Practical steps for deeper analysis
– Combine dependency ratios with labor force participation rates and employment/unemployment data to estimate the active support base.
– Look at old-age support ratios (working-age population
to retirees) as well as the child vs. old components separately. That lets you see whether support pressures come mainly from more children (short-term schooling and childcare costs) or from an ageing population (pensions, long‑term care, health care).
Formulas and simple calculations
– Definitions
– Young dependents = population aged 0–14.
– Working‑age population = population aged 15–64 (the conventional cutoff).
– Old dependents = population aged 65+.
– Total dependency ratio (TDR) = (Young + Old) / Working‑age × 100.
– Child dependency ratio = Young / Working‑age × 100.
– Old‑age dependency ratio = Old / Working‑age × 100.
Adjustments for a more realistic “support burden”
– Use employed workers rather than the entire 15–64 group. Employed = Working‑age × Labor force participation rate (LFPR) × (1 − unemployment rate).
– Adjusted dependency ratio = (Young + Old) / Employed × 100.
– Account for productivity: convert employed workers into “effective workers” by multiplying employed by average productivity per worker (output per worker) relative to a baseline.
– Productivity‑adjusted ratio = (Young + Old) / (Employed × Productivity index) × 100.
– Alternatively, compute dependents per employed worker = (Young + Old) / Employed (a ratio, not percent).
Worked numeric example
– Given: Young = 30 million, Working‑age = 120 million, Old = 20 million.
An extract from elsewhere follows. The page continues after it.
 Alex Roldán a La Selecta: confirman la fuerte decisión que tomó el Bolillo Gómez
– TDR = (30 + 20) / 120 × 100 = 50 / 120 × 100 = 41.67%.
– Old‑age ratio = 20 / 120 × 100 = 16.67%. Child ratio = 30 / 120 × 100 = 25%.
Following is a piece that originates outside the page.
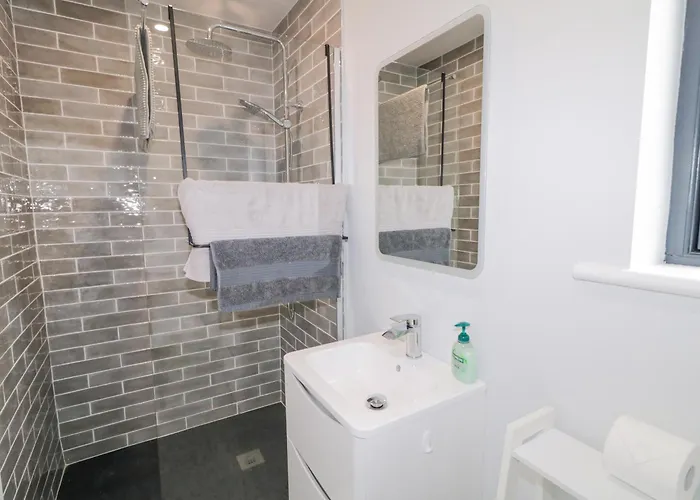 Ballyness Bay * Falcarragh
Now account for labor market participation:
– Suppose LFPR = 65% and unemployment = 6%.
– Employed = 120m × 0.65 × (1 − 0.06) = 120m × 0.65 × 0.94 = 73.32 million.
– Adjusted dependency ratio = 50 / 73.32 × 100 = 68.2% (shows a higher burden once non‑workers are excluded).
Now account for productivity:
– If average productivity per worker is 1.4× the baseline, effective workers = 73.32 × 1.4 = 102.65 million.
– Productivity‑adjusted ratio = 50 / 102.65 × 100 = 48.7%.
Interpretation pointers (practical checklist)
– Check age cutoffs: many analyses use 15–64, but local retirement ages and child-labour norms may suggest different bands.
– Prefer employed population or “effective workers” to raw 15–64 counts.
– Combine ratios with: LFPR trends, unemployment, hours worked, and occupational composition (part‑time vs full‑time).
– Include fiscal measures: public pension expenditure (% of GDP), health spending by age cohort, and pension system design (pay‑as‑you‑go vs funded).
– Consider demographics drivers: fertility, mortality, and net migration. Small changes in migration can materially affect working‑age supply.
– Use productivity scenarios: productivity growth can offset demographic pressures; test low/medium/high productivity paths.
– Look at household balance sheets and private savings; public ratios show fiscal exposure but households also self‑insure.